Left with no other option, I sold the house to pay off some of the debts she left behind. Then I did what I had to do to survive.
Now here I was, surrounded by money. I’d be stupid to walk away. I had no idea how long this stranger intended to keep me here, but maybe I should take what I could. “Thank you,” I said between the pauses in my sobs. “Yes, please help me.”
“Good,” the man said and pulled his phone from his pocket. “Take a seat, I’ll be right back.” He strolled out of the room with the phone glued to his ear. “Take care of it. Don’t leave one trace behind,” I heard him say before he disappeared through a glass door.
I sank down onto one of the leather couches and sobbed, my shoulders shaking, my eyes drowning, my life as I knew it crumbling around me.

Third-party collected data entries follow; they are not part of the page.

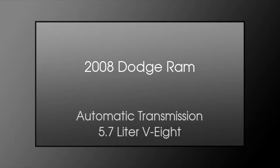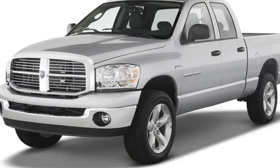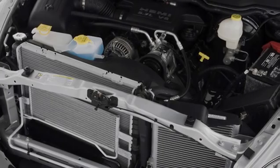This is a 2008 Dodge Ram. This truck has an automatic transmission and a 5.7 liter V8. All of the following features are included.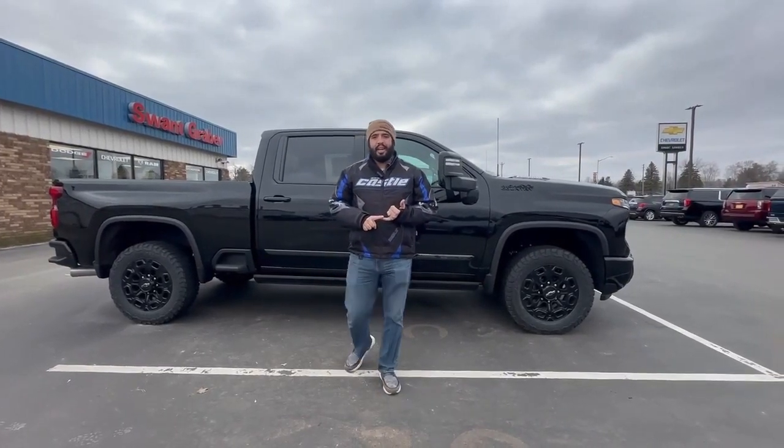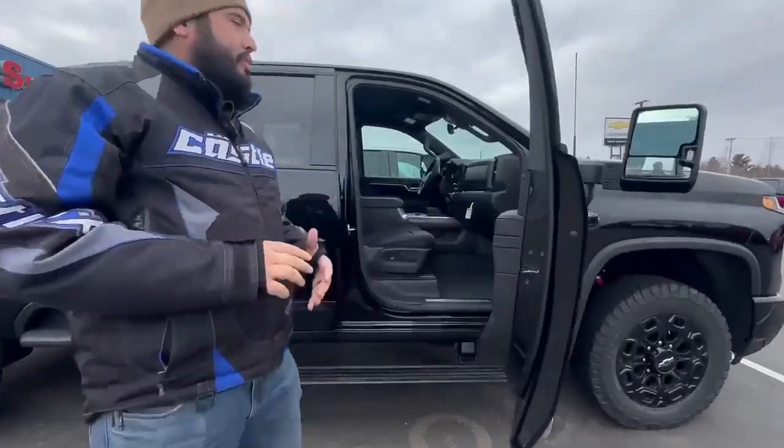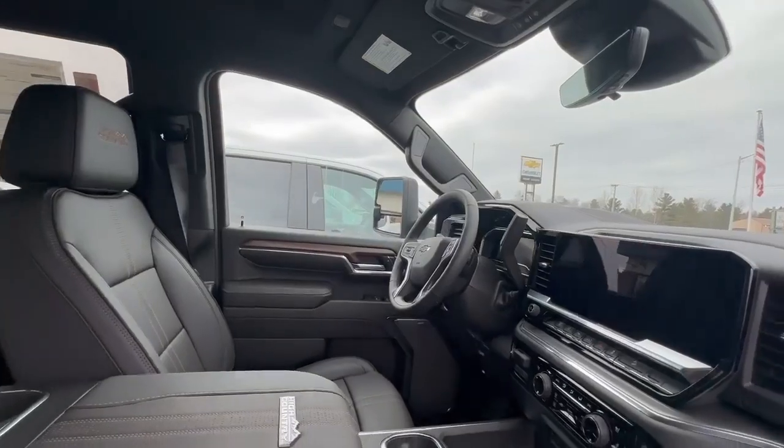It also does have a Chevy Tech spray-in bed liner. It also comes with a technology package on the interior — you're going to get a heads-up display, a bunch of other interior features including heated seats, heated steering wheel, and cooling seats.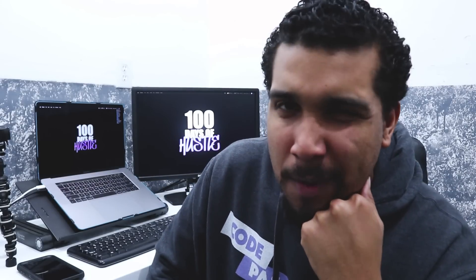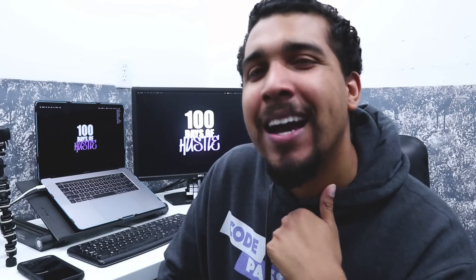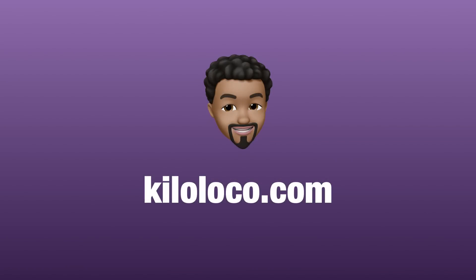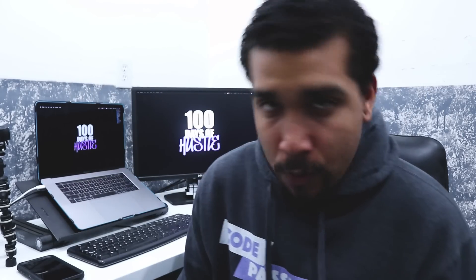So you just keep getting stuck on problems when you're coding, huh? Don't worry, I got a couple solutions for that. What's going on, everybody? It's your boy, Kilo Loco.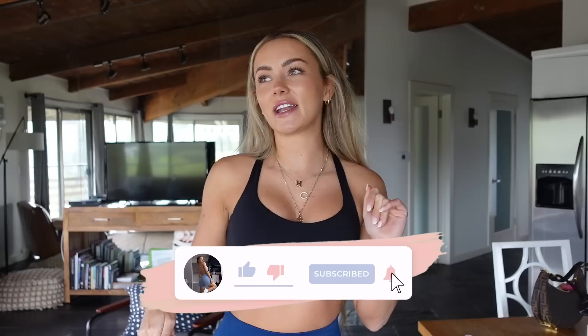Hi everyone, welcome back to my YouTube channel. My name is Holly, I make food and fitness content. I am bringing you guys a week's worth of workouts. I'm so excited for this video — I love a weekly vlog because it just means we get to spend every day together. I did one of these a while ago along with my marathon training series, and we are now five weeks out from the marathon.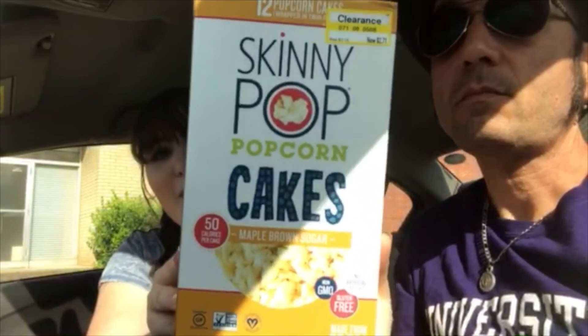Skinny popcorn cakes — they're maple brown sugar. We love Skinny Pop! There are 8 packages in here... actually 6 packages. Gluten free, kids. Now normal rice cakes I'm not a fan of.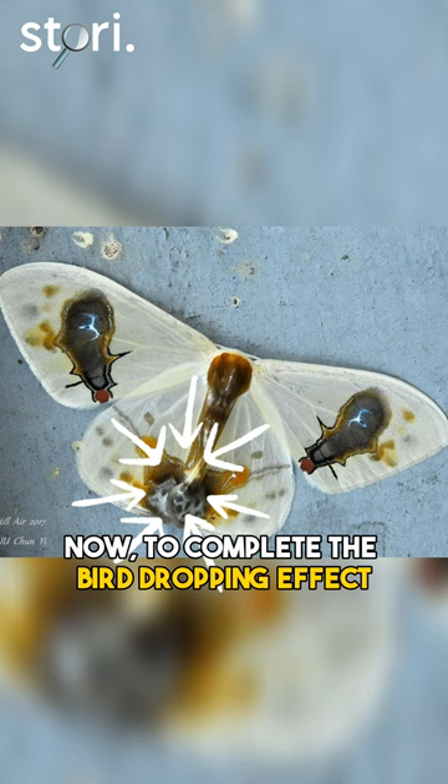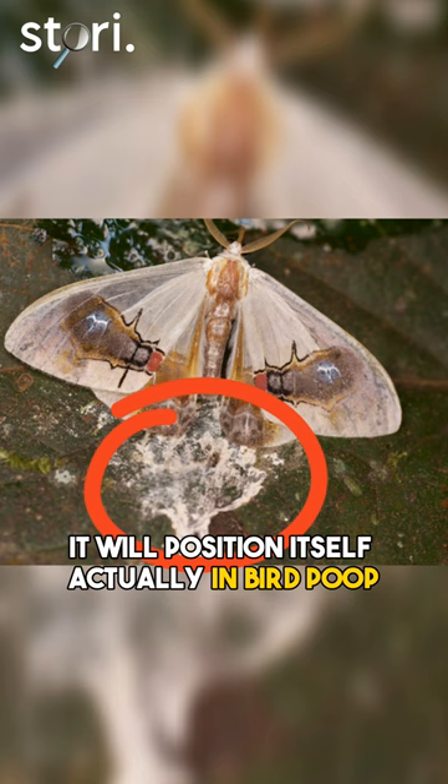To complete the bird dropping effect, the moth takes things even further. It will position itself actually in bird poop, with the splotchy side of its butt nestled into the mess.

When he returned, he perched himself on the glass-top coffee table opposite me. He didn’t smile when he spoke. “It’s done. The best thing you can do for yourself now is to forget it ever happened. You were lucky enough to get a chance to walk away. Don’t dwell in the past. You will stay here for as long as necessary. And you will not contact anyone from your life. You have to promise me that or I cannot guarantee your protection.”
I wiped my eyes with a corner of the blanket and exhaled. After a small pause I nodded. “Thank you.”
He nodded. “I need to go and take care of some business, but my housekeeper, Lin, will be arriving soon. She’ll feed you and show you to your room to get some rest. I’ll also send someone over to bring you clothes.” He pulled out a piece of paper and a golden pen from his pocket. “Write down your clothing and shoe sizes.”